Terms & Conditions

TNT MARKETING LTD – Terms & Conditions

Company: TNT MARKETING LTD

Registered office: 4th Floor, North Vale Mill, Bradford Road, Brighouse, West Yorkshire, HD6 4DJ

Email for notices: admin@tntmarketing.co.uk

Telephone: +44 (0)7938 633507

  1. Introduction and application of terms

1.1 These Terms and Conditions (“Terms”) set out the basis on which TNT MARKETING LTD (“TNT”) provides services, deliverables, consultancy, creative output and related work to the customer (“Client”).
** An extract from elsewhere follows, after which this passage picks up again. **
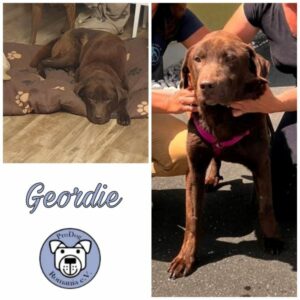 GEORDIE - Gnadenplatzhund seit dem 25.06.2022 - RBB 11/24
1.2 These Terms apply to every request, proposal, quotation, order, retainer or project accepted by TNT, whether provided verbally, electronically, or in writing, unless TNT expressly agrees otherwise in a signed document.

1.3 These Terms take precedence over any Client terms or conditions (for example, those attached to purchase orders, procurement portals, or framework agreements), which shall not apply unless TNT expressly agrees in writing.

1.4 By instructing TNT, signing a Proposal, or accepting any Deliverables, the Client confirms full acceptance of these Terms.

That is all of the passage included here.